START Data shown

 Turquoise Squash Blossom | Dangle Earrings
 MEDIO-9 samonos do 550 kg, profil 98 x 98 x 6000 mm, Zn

END Data shown
START Data shown

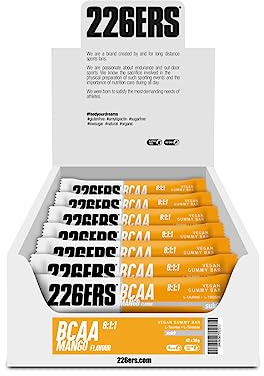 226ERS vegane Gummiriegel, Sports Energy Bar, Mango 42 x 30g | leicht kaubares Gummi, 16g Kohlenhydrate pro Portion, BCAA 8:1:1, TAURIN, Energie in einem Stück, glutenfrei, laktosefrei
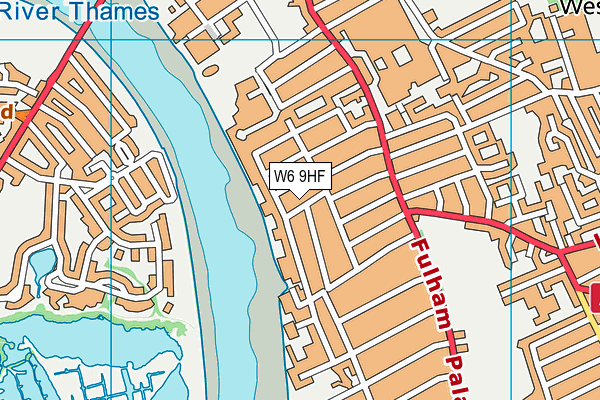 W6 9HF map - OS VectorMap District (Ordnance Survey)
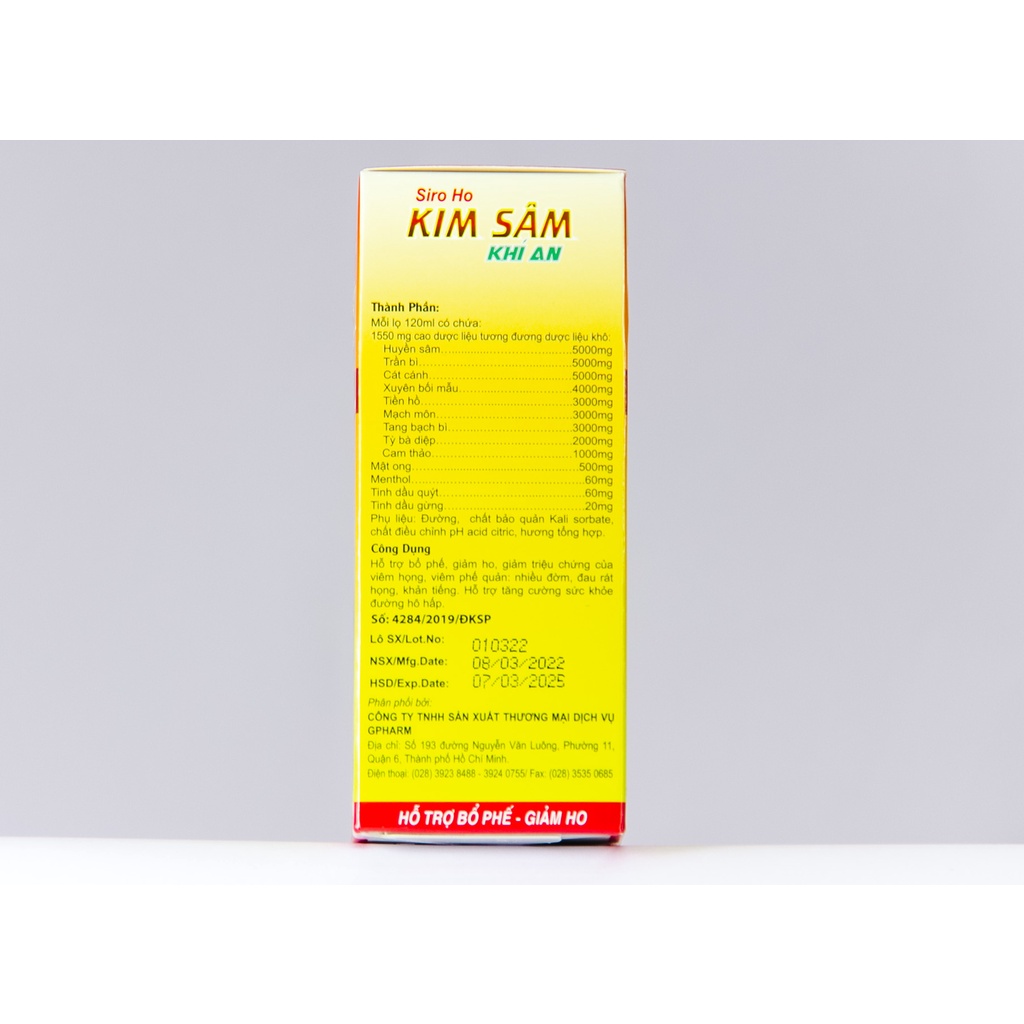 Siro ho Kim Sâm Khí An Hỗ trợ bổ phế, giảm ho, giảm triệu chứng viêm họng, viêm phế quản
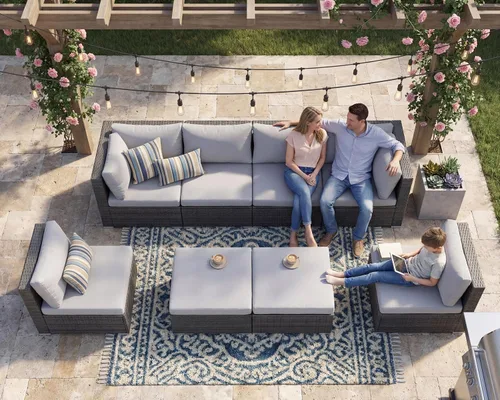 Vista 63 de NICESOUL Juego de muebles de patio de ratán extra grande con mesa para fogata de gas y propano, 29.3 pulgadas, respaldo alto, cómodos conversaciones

END Data shown
START Data shown

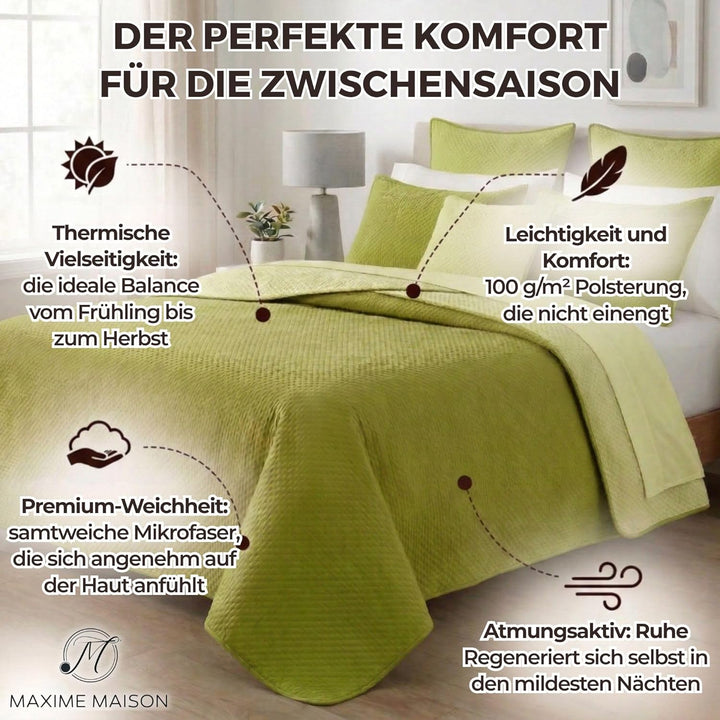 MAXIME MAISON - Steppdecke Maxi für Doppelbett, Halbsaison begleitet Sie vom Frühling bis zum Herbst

END Data shown

### Problem requirements
Repeat exactly the lines above, beginning at the one containing "Siro ho Kim" and ending at the one containing "Vista 63 de". Do not carry over any pictures.

### Result for this exercise
 Siro ho Kim Sâm Khí An Hỗ trợ bổ phế, giảm ho, giảm triệu chứng viêm họng, viêm phế quản
 Vista 63 de NICESOUL Juego de muebles de patio de ratán extra grande con mesa para fogata de gas y propano, 29.3 pulgadas, respaldo alto, cómodos conversaciones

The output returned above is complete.